Monsignor Aloysius Callaghan to head seminary

Monsignor Aloysius Callaghan to head seminary

Monsignor Aloysius Callaghan, currently vicar general for the archdiocese that serves U.S. military personnel throughout the world, will become rector and vice president of the St. Paul Seminary School of Divinity of the University of St. Thomas, Archbishop Harry Flynn announced today.

Callaghan, 58, succeeds Bishop Frederick Campbell, who last October was named bishop of the Diocese of Columbus, Ohio, by the late Pope John Paul II. Campbell became rector of the St. Paul Seminary School of Divinity in June 2002.

Monsignor
Aloysius Callaghan

Father John Ubel has been serving as interim rector of the seminary since the beginning of the year.

In addition to his responsibilities as seminary rector, Callaghan will be a vice president of St. Thomas. A 1987 affiliation brought together the seminary’s master’s degree programs in theology and divinity and St. Thomas’ master's programs in pastoral studies.

The school, which also offers a doctorate in ministry, this year enrolled 65 seminarians and 57 lay students. Seventeen graduating seminarians are being ordained to the priesthood this spring.

In addition to work at the Vatican, Callaghan has served as a parish priest and pastor, high school teacher, vocations director, diocesan official and seminary spiritual director.

He was named chancellor and moderator of the curia of the Archdiocese for the Military Services, U.S.A., in 1995 and became its vicar general the following year.

Headquartered a few miles from the Pentagon in Washington, D.C., the Archdiocese for the Military Services ministers to active-duty personnel and their families. As vicar general he is chief financial officer of the archdiocese and oversees its communications and administrative business on a day-to-day basis.

He also has been serving as an adjunct spiritual director for Mount St. Mary Seminary in Emmitsburg, M.D., the nation’s second-largest seminary.

“I have known Monsignor Callaghan for many years,” Flynn said. “When he was vocation director for the Diocese of Allentown, Pa., I was rector at Mount St. Mary’s Seminary.

“I have every hope that Monsignor Callaghan will make a fine rector as is evidenced from his performances in various ministries in the past,” the archbishop said.

A native of a small town in Schuylkill County in Pennsylvannia, Callaghan began studies for the priesthood at St. Charles Borromeo Seminary in Philadelphia. He completed his training at the Lateran University in Rome and was ordained there in 1971 in St. Peter’s Basilica.

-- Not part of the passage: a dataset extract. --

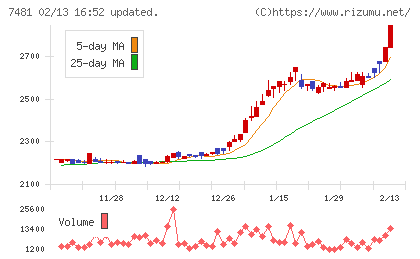 尾家産業チャート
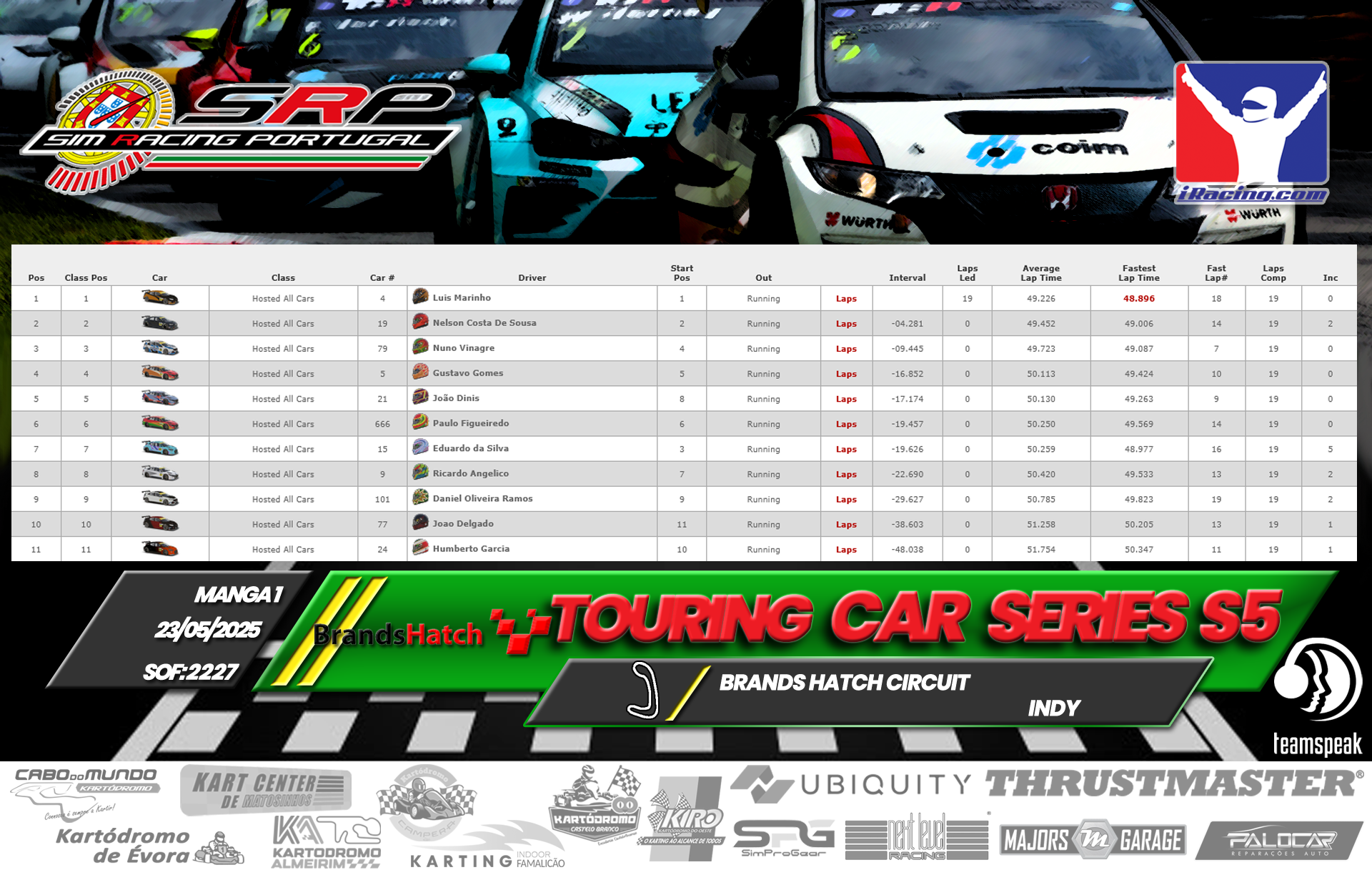 [Image: RaceResults1-8.png]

After two years of parish, high school and diocesan work in Pennsylvania, he returned to Rome for graduate studies at the Lateran University, where in 1977 he completed a doctorate in canon law. He returned to the Diocese of Allentown, where he served as secretary to the bishop and held positions with the diocesan Tribunal, Liturgical Commission and vocations office.

In 1984 he was named judicial vicar of the Allentown diocese and a church pastor. Two years later he traveled to Rome to become an official with the Congregation for Religious and Secular Institutes at the Vatican, and in 1991 he was named an official with the Congregation for Bishops. He served at the Vatican until joining the Archdiocese for the Military Services in 1995.